Featuring him in the section "top ten forces of good" in their 2004 list of top 50 retro game heroes, Retro Gamer called Duke "the ultimate cheese hero, and a true remnant of 80’s action flicks. He was listed at number 27 in the "Top 50 Video Game Characters" list by Guinness World Records Gamer's Edition 2011. GameDaily also ranked him sixth on their list of best anti-heroes in video games. In 2011, Empire ranked him as the 20th greatest video game character, calling him "one of the best action characters ever devised" and adding that "Film might have Schwarzenegger, but Gaming's got Mr Nukem"

Reception of the character by the time of Duke Nukem Forever's release was mostly mixed. Dan Whitehead of Eurogamer elaborated on Duke Nukem's decreased relevance since 1996, and added that the character's "half-hearted digs" at rival franchises were ill-advised due to the game's delayed release (Yet still quite funny).

Duke Nukem had become "a caricature of his former self. crossing the line from charmingly foul-mouthed to obnoxious and embarrassing. Others have been more positive about the character, finding him to be "genuinely hilarious" due to his tongue-in-cheek rejection of video game traditions (such as finding a key to open a door or wearing a special suit of armor) (looking at you Master Chief).

Plot:

Twelve years after he saved the Earth from an alien invasion, Duke Nukem is a worldwide icon, and has achieved great fame from his heroic deeds. After sampling a video game based on his past heroics (the game Duke plays is a revamped version of the final level of the third episode of Duke Nukem 3D), he arrives on the set of a talk show for an interview. On his way to the show, Duke witnesses a news broadcast announcing that aliens have once again invaded. Unlike previous encounters, the aliens initially appear peaceful and at first seem to pose no harm to the humans of Earth.

Duke's talk show appearance is cancelled to allow television stations to cover the alien invasion, and Duke retires to the "Duke Cave", his personal home. There, he receives a call from the President and General Graves of the Earth Defense Force (EDF). The President orders Duke not to harm the invaders, and adds that he is in diplomatic talks with the alien overlord. Duke obliges this request, but he and Graves remain uneasy about the whole situation. Before he can leave his chambers, he is attacked by hostile aliens who are swearing revenge on Duke.

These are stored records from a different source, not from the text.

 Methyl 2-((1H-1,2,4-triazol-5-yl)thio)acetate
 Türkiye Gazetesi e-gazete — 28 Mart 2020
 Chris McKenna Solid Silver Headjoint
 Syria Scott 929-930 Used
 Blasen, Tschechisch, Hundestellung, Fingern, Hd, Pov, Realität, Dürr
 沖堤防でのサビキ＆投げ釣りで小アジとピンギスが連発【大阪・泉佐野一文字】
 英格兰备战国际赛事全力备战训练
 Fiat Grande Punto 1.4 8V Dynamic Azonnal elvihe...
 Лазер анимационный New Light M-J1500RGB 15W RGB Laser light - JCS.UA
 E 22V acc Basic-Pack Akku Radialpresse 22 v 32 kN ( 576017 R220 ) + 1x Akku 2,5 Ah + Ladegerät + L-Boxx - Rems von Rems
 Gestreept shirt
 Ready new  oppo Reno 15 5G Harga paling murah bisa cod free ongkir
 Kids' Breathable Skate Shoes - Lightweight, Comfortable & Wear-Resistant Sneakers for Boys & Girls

Pig cops, flying Alien brains and a 3 breasted Alien are among the carnage that is a day in the life of the king.

DLC sub plot-
The doctor who cloned me:
After all the negativity duke Nukem forever received, this DLC was released in an attempt to undo some of the damage, this extension had you play as the Real duke, who wakes up to find and army of clones posing as him created by his old nemesis doctor proton, to which you/Nukem must take out all the clones and reclaim your Throne.